The Pantene Philippines video that’s gone viral—thanks in large part to a ringing endorsement from Facebook COO Sheryl Sandberg who gave it the “Lean In prize of the day” on the social network—is indeed a powerful statement of the inequity, workplace and otherwise, between how society perceives men and women. Running with the tagline, “Don’t let labels hold you back. Be strong and shine,” the video points out that where a man might be perceived as “persuasive,” a woman is “pushy.” While a man is a “boss,” a woman is “bossy.”

Indeed, these double standards often ring true. And yet, there’s considerable irony in a beauty brand using feminism to move product. And that is, undeniably, the overarching intent here: to sell shampoo. While one message might be a warning against the danger of gender stereotyping, what the video also says, in no uncertain terms, is that looks matter, above all. You might be on the receiving end of derision and disdain from colleagues who’d accept, or even praise, the same behavior from a man, but no worries. At least your hair will look good.

(WATCHPantene Breaks Down Every Sexist Workplace Stereotype in One Ad)

But the real problem with Pantene’s PSA-as-advertisement is that it serves the dangerous purpose of pitting, once again, women against men. A caption beneath the video reads, “70 percent of men think that women need to downplay their personality to be accepted.” Where men are “smooth,” the video tells us, women are “show-offs.” Where men are “dedicated,” women are “selfish.” To suggest that women are the only ones being discriminated against, however, is as dangerous as suggesting that good hair can help them end such inequity.
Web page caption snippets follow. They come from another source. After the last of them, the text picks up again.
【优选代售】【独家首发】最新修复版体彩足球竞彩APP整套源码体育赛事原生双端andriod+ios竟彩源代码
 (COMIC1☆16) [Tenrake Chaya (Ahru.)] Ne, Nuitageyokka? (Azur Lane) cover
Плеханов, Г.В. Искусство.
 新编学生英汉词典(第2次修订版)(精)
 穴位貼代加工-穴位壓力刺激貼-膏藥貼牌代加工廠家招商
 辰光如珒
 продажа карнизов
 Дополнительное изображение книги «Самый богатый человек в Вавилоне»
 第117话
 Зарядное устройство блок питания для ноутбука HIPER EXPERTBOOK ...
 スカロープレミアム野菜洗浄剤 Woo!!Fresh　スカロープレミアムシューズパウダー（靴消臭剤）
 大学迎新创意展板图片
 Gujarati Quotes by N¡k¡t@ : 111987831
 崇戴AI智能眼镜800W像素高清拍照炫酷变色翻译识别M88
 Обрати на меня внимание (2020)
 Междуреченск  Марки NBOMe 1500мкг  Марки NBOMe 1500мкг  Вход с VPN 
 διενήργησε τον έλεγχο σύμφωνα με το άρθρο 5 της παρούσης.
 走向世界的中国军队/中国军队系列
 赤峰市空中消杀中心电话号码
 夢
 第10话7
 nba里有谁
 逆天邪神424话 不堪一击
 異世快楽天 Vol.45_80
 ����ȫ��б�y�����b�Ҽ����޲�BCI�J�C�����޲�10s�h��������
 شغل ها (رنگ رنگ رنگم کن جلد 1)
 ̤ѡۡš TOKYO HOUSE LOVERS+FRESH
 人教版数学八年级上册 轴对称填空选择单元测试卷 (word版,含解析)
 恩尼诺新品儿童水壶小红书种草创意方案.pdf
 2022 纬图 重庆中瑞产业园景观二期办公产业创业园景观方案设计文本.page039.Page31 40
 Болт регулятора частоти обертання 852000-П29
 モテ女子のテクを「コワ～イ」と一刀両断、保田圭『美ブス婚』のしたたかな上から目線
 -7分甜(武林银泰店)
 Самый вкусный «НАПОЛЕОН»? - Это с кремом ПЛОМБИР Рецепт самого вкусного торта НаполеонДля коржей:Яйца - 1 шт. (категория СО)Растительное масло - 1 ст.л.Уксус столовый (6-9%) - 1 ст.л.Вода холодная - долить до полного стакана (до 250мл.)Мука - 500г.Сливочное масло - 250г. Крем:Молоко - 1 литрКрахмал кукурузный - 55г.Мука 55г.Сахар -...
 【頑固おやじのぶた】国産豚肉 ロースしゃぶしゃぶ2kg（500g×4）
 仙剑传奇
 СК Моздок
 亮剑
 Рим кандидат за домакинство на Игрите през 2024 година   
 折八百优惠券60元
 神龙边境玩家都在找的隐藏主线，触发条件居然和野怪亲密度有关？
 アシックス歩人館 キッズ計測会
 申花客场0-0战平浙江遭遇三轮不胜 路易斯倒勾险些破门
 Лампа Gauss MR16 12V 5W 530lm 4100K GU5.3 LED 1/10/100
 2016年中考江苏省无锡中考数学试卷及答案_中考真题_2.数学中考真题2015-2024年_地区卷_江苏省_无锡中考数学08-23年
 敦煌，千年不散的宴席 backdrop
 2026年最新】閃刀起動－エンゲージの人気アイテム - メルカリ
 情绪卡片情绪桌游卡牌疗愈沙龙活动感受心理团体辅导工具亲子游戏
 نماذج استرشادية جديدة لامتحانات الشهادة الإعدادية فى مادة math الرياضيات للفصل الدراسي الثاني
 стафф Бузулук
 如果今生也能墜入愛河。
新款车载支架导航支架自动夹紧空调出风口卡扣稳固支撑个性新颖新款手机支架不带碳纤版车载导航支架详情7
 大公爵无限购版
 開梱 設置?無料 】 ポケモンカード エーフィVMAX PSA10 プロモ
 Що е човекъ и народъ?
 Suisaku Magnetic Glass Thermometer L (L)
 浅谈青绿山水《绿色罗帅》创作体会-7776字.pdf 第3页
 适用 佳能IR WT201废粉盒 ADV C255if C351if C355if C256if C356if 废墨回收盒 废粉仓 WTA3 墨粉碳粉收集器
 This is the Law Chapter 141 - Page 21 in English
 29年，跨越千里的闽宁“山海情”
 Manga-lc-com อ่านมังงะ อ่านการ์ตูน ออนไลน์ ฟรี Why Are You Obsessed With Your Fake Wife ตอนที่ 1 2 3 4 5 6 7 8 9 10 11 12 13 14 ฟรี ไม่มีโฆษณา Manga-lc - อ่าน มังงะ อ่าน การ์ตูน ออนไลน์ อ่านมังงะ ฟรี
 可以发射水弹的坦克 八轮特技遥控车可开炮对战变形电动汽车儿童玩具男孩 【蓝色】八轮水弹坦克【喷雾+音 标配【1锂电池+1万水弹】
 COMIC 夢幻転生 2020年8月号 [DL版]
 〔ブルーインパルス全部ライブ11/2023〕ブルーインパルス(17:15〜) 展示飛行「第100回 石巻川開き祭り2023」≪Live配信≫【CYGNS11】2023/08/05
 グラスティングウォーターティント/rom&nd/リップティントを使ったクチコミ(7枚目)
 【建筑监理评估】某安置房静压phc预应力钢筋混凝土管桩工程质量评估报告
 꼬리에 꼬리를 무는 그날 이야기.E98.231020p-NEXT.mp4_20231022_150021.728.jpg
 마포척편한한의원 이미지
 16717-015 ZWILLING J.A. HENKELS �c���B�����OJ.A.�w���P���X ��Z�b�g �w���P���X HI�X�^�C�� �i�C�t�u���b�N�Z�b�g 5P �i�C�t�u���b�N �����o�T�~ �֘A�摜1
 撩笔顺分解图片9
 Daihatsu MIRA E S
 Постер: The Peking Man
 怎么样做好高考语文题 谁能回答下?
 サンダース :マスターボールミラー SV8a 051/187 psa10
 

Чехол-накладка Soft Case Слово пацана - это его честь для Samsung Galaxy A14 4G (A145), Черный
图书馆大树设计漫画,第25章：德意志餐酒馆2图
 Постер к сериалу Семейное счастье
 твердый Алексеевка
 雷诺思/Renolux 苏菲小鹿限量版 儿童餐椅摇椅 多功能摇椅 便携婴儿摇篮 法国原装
It’s also inaccurate. A study commissioned by staffing agency Kelly Services found this year that nearly 35% of men said they believed they had experienced sex-based discrimination over the past five years at work. The numbers for women? 33.3%.

It’s also inaccurate to suggest that women are undeserving of criticism. Perhaps female leaders are bossy, or pushy. They may need to be. Or they may not. Either way, studies show that women can be workplace bullies: A 2011 survey by the American Management Association found that 95% of 1,000 working women polled believe they had been undermined by another woman at some point in their careers, while a 2008 University of Toronto study of nearly 1,800 U.S. employees that found women working under a female supervisor reported more distress and symptoms of physical stress than those working under a male supervisor.

Pantene’s tack isn’t surprising. But it’s not the whole story, and it’s certainly not genuine. Sure: 70% of men may think women need to be different than they are. But this ad targets women, who don’t need Pantene to tell them how they’re judged differently; they live it every day. And by speaking up for women in such a manner, Pantene is reinforcing the idea that women need to be spoken up for.

After all, is there anything more sexist than the notion that professional women need a hair care brand—or anyone, really—to help them learn to “be strong and shine”?